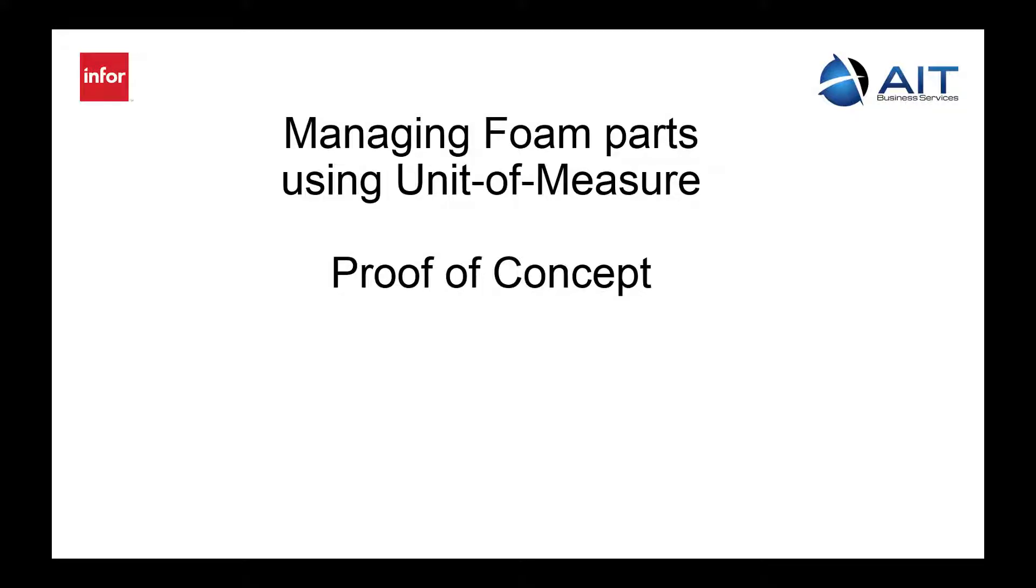Alright, so we are going to do a quick proof of concept and set up instruction on unit of measure conversions for specific parts.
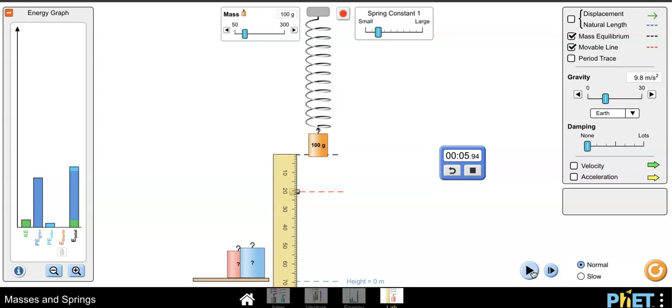And so if you wanted to, you could count 10 oscillations if you wanted to take data in normal mode, or you could just measure one oscillation in slow mode. And that is how you can take some data using this activity.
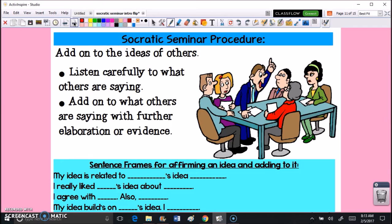Of course, you want to add on to the ideas of others. This shouldn't be a situation where everyone just goes around reading their answers or taking turns saying what they think. You're trying to build on each other's knowledge and build the discussion. Listen carefully, and if someone has already said something you agree with, don't just repeat it — add further evidence, maybe a different part of the story, or elaborate and take it the next step further based on what your classmate said.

========

> _What is required_
Would you repeat the listing above exactly, minus the images?

> _Exercise answer_
Alright, so we are going to do a quick proof of concept and set up instruction on unit of measure conversions for specific parts.
And so if you wanted to, you could count 10 oscillations if you wanted to take data in normal mode, or you could just measure one oscillation in slow mode. And that is how you can take some data using this activity.
Of course, you want to add on to the ideas of others. This shouldn't be a situation where everyone just goes around reading their answers or taking turns saying what they think. You're trying to build on each other's knowledge and build the discussion. Listen carefully, and if someone has already said something you agree with, don't just repeat it — add further evidence, maybe a different part of the story, or elaborate and take it the next step further based on what your classmate said.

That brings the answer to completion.